This tough, smallish horse was tapped as the South Carolina Heritage Horse in 2010 by then Gov. Mark Sanford, and boasts a history dating back to the 1500s. A rare breed native to the state, the Tacky descended from horses brought by Spanish explorers and survived by foraging on marsh grass along the coast and sea islands.
- According to the S.C. Historical Society, the Tacky was lauded by naturalist James John Audubon, and author Dubose Heyward. In 1864, Audubon wrote the horses are “tough as a pine knot” due to their ability to adapt to new situations and not spook easily. Heyward, perhaps best known for penning “Porgy” in 1925, loved the Lowcountry of South Carolina, and wrote a poem, Marsh Tackies, in honor of the breed.

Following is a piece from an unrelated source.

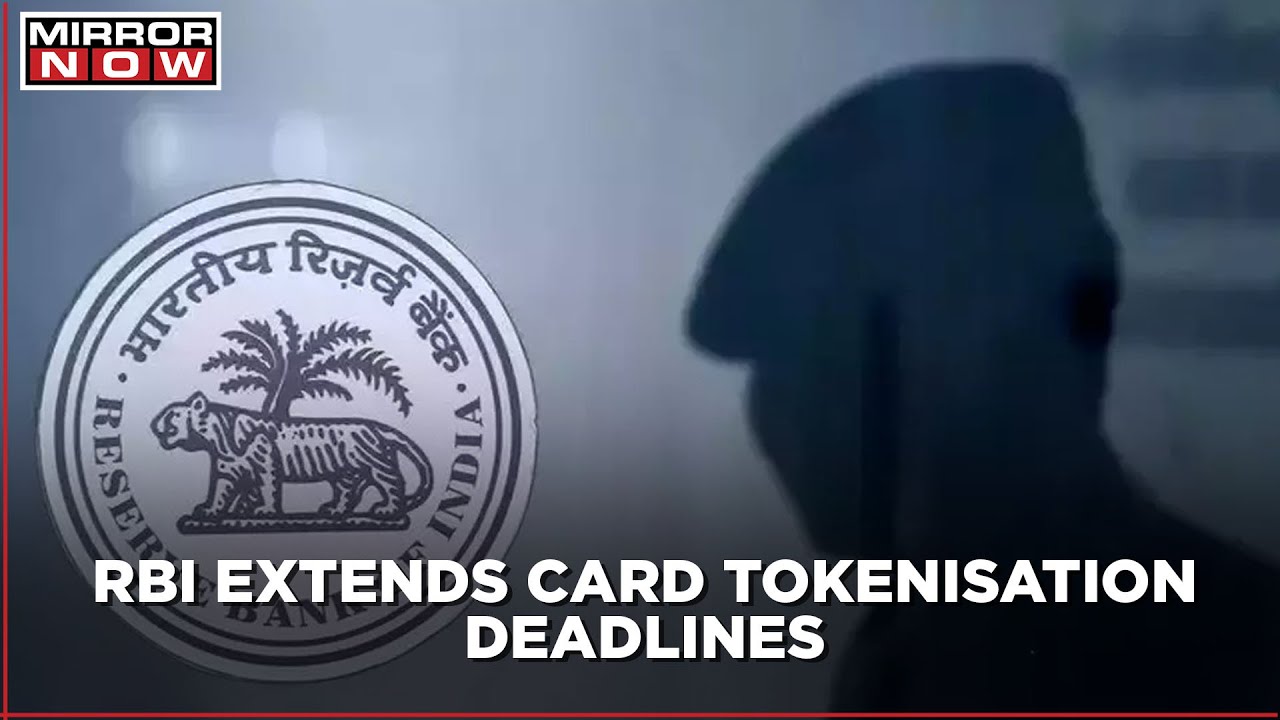 RBI Extends The Deadline Of Credit Card And Debit Card Tokenisation By 6 Months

- The wild horses were domesticated by Native Americans, then later used by European settlers and enslaved Africans. Hardy, gentle, and moving in a four-beat, ambling gait deemed the Swamp Fox Trot, it measures between 13 and 15 hands high.

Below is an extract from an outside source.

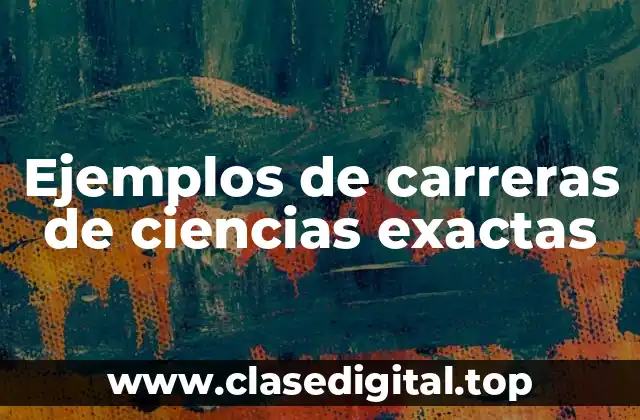 Ejemplos de carreras de ciencias exactas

- Their size and agility has made them beloved horses for the past 500 years, and they used to be a common sight in the fields of the Lowcountry. The horse was largely managed in lowcountry islands until recently, when cars and tractors began replacing the marsh tacky as a mode of transportation.
- The Tacky was particularly helpful in South Carolina during the Revolutionary War. Francis Marion and his men, who employed guerrilla warfare, rode them in the swamps, where these sturdy horses were right at home. The British, however, had brought larger and taller European horses unaccustomed to South Carolina’s heat and terrain. Those horses got mired down in the mud.